Hapis ve seyahat yasağına ek olarak, mahkeme Hajipour’a değerli din adamları tarafından yazılmış iki kitabı okuma ve özetleme cezası verdi.
Hajipour’a verilen cezalara karşı gösterilen yaygın reaksiyonla kararlar geli alındı.
İran yargı sisteminin başı Gholamhossein Mohseni Ejei kararları eleştirdi ve cezaların “caydırıcı” olması ve “tersine tesir yaratmaması gerektiğini” söyledi.

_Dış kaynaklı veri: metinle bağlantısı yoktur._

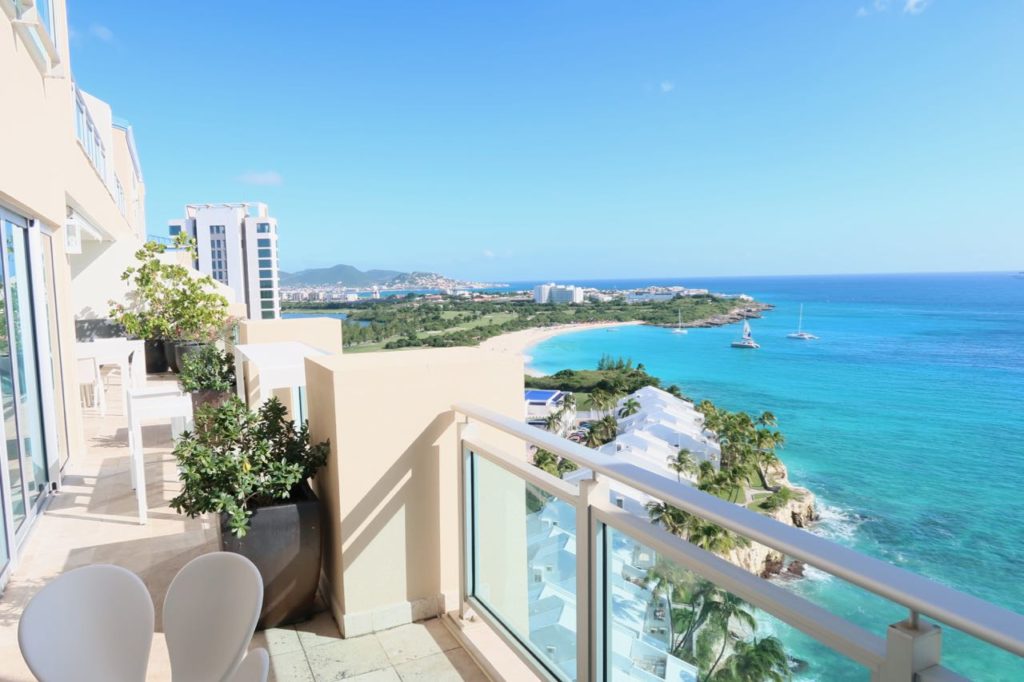 Luxury Beachfront Penthouse at Cupecoy St. Maarten with Stunning Caribbean Views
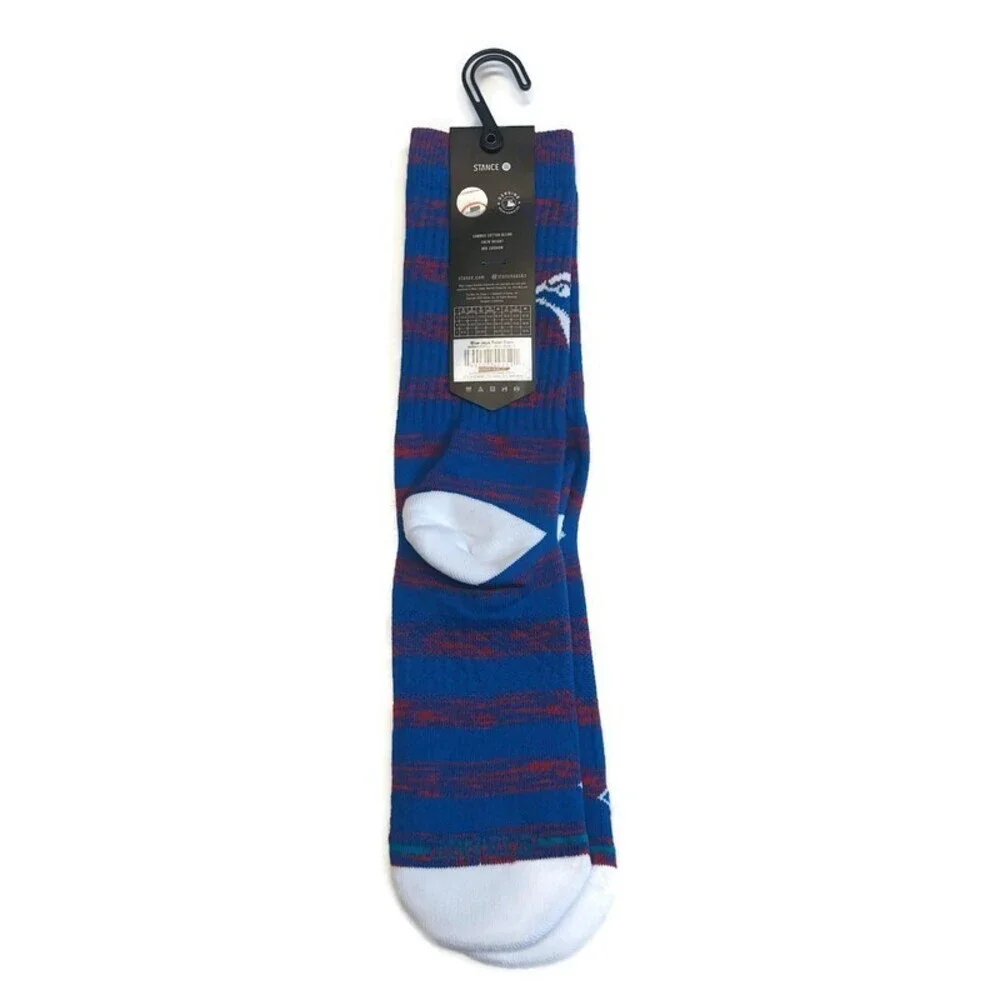 Stance Blue Jays Twist Mens Shoe Size 9-13 Casual Toronto Blue Jays Crew Socks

Kapalı kapılar arkasında duruşmalar
İran yargısının “yaratıcı” cezaları yeni değil. Yıllar boyunca aksiyoncular, gazeteciler ve sanatkarlar çoğunlukla aşağılanmak ve toplum dışına sürüklenmek üzere tasarlanmış alışılmadık cezalar aldı.
Halka açık kırbaçlama ve mahpus, yargı sisteminin esas cezaları olmayı sürdürürken, son cezalar mahkumların güvenilirliğini ve nüfuzlarına darbe vurmayı amaçlıyor üzere görünüyor.
Yargı sisteminde son devirdeki değişikliklerle, sıradan kabahatlerde kamuya açık yargılamalar ve daha şeffaf cezalandırmalar artarken, siyasi kabahatlere ait davalar kapalı kapılar arkasında görülmeye devam ediyor.
Eylemciler sıklıkla, yargılanmadan ya da kendilerini savunma fırsatı verilmeden toplumsal ve profesyonel kısıtlamalarla karşı karşıya kalıyor. Kimi durumlarda da uçağa binmeye çalışıp yasaklı olduklarını gördüklerinde cezalarını öğreniyorlar.